All weekend, he was great. We let him try to have run of the house again and he was wonderful. No accidents at night or anything. He even sleeps in the bed! Yesterday, we let him have the house again while at work (tv on, treats left around for him to find). Plastic on couch & bed in case. He didn't pee on the bed while we were gone yesterday but he did go on the couch. Thank god for the shower curtain! We kept him in the bedroom again today & instead of the Feliway spray, we plugged in the diffuser. He doesn't go on the floor or are rugs at all. He doesn't do it when we leave only a few hours. He has not peed at all since the second day when we are there! It's only when we leave.

Today I left an extra litter box. Maybe Mr. OCD needs someone to be home and clean his box every day, all day. 
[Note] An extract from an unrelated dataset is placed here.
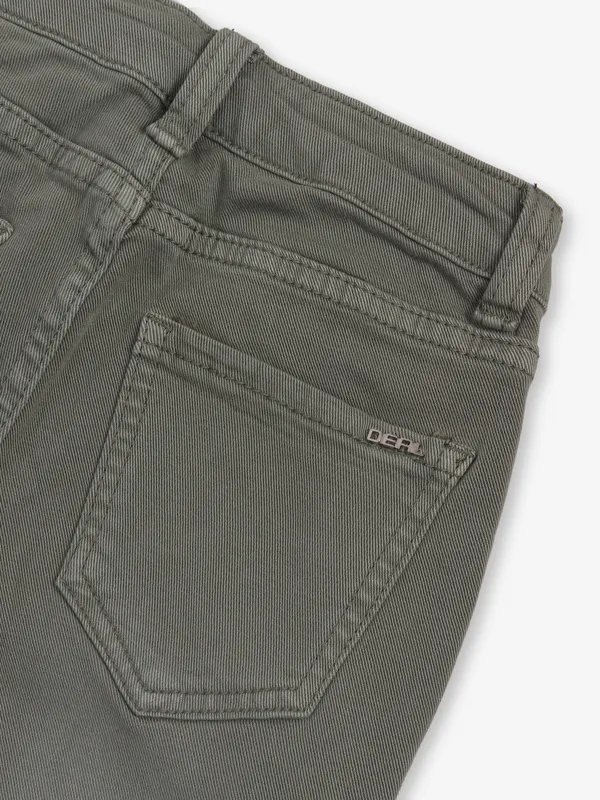 DEAL solid olive straight fit denim for girls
I have read so much about this (including on this forum). I know cats can get Separation Anxiety. He lived at the shelter for a year (and was well taken care of from what I saw). He was found on the street, one year old and was neutered at the time. I am assuming he was abandoned at a young age by his former owners. Is there anything I can do? Has anyone else seen this happen? I will leave plastic on my furniture forever but I don't like leaving him in one room. I am also so stressed whenever we are out for a long time because I feel bad that he may be upset and is peeing. I want to erradicate the situation and I can't take on another kitty. 

Any more I can do? Or just wait for him to adjust?


----------



## mumof7kitties (Jan 27, 2013)

I was going to suggest another kitty to keep him company till your last sentence. It truly sounds like separation anxiety. Especially since he is only doing it when you're gone for a while. You're trying feliway and I hear that can work wonders. (I'm hoping so cuz I'm getting mine in today to try to fix my bully situation!) 
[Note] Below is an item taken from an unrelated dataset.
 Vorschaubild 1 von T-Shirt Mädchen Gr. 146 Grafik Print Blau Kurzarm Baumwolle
Sent from Petguide.com Free App


----------



## mumof7kitties (Jan 27, 2013)

Also, I'd recommend a vet visit regardless of what they did at the shelter. It's always a good idea to do a full checkup and work-up as well as establish yourself at a vet. 

Give him (and the feliway) time to work. Your patience is commendable and the shower curtains are ingenious. 
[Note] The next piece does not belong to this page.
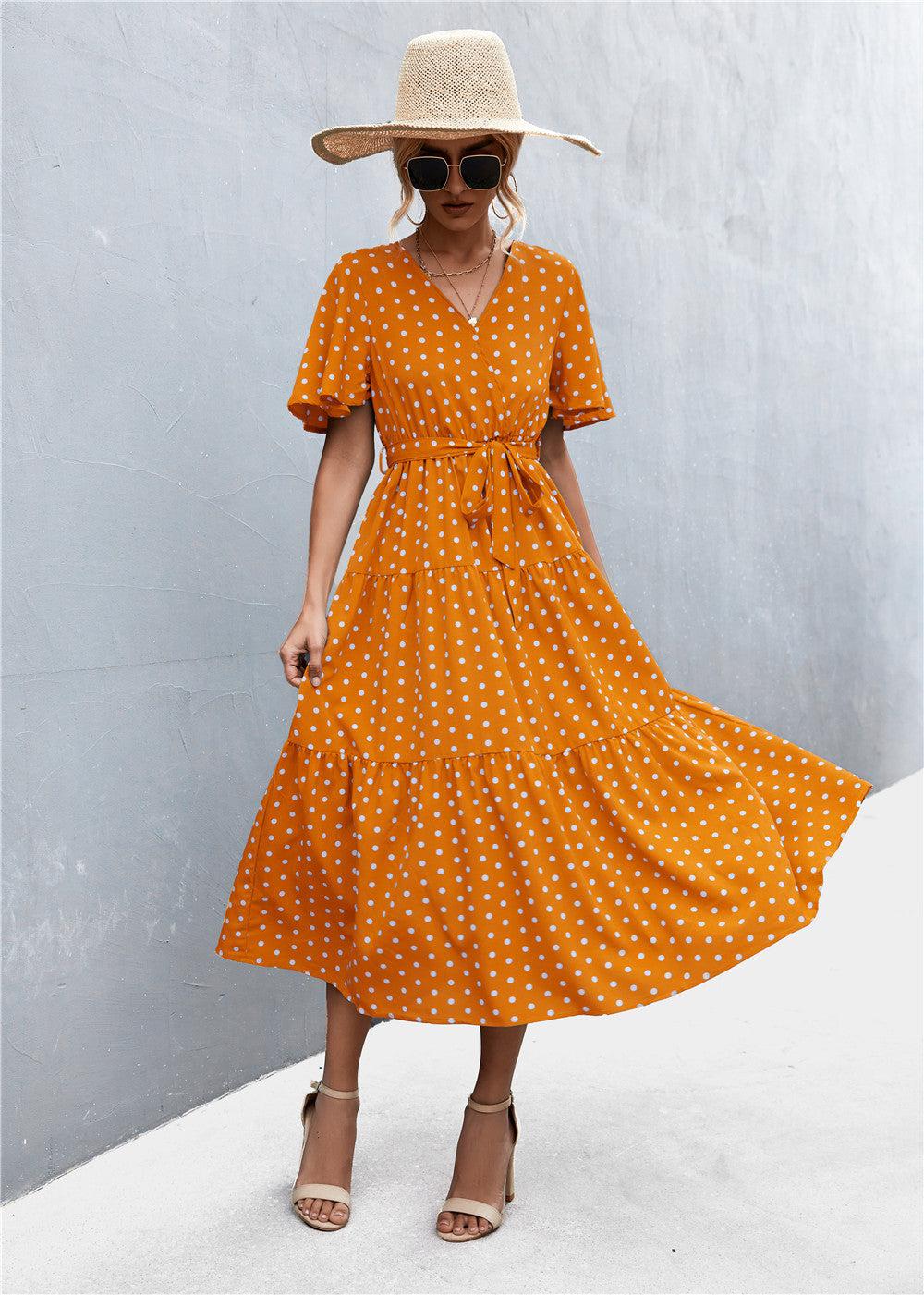 Printed V-Neck Flutter Sleeve Belted Midi Dress BLUE ZONE PLANET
Sent from Petguide.com Free App


----------



## parkersmom (Feb 21, 2013)

Thanks Mumof7! I wish we could take on another cat! I am also worried if we do, he may get territorial. He was an instigator in the shelter and fought with the other cats pretty often. Perhaps he misses being a bully? LOL. 

We will keep trying whatever. Best of luck with your bullying situation!!!


----------



## parkersmom (Feb 21, 2013)

So, tonight I got home after using the two litter boxes, the Feliway diffuser, hidden treats & the shower curtain (with Parker sequestered into just the bedroom) and no accidents! He even went in the second box as well. Not getting my hopes up but perhaps one or all of these things is working!


----------



## soccergrl76 (Dec 1, 2010)

I love your shower curtain idea. I'm glad your methods are working.

Where did you get the Feliway diffuser?


Sent from Petguide.com Free App


----------



## parkersmom (Feb 21, 2013)

soccergrl76 said:


> I love your shower curtain idea. I'm glad your methods are working.
> 
> Where did you get the Feliway diffuser?
> 
> ...


I got the diffuser on Amazon. It covers about 700 sq feet or so. He was totally crazed when we got home (almost like cat nip) and totally happy. It's like he can be himself now. The spray is nothing in comparison to the diffuser.


----------



## mumof7kitties (Jan 27, 2013)

I'm a geek and bought the spray, diffuser and a package of 3 calming collars. My hope is that one of them will make magic happen!


----------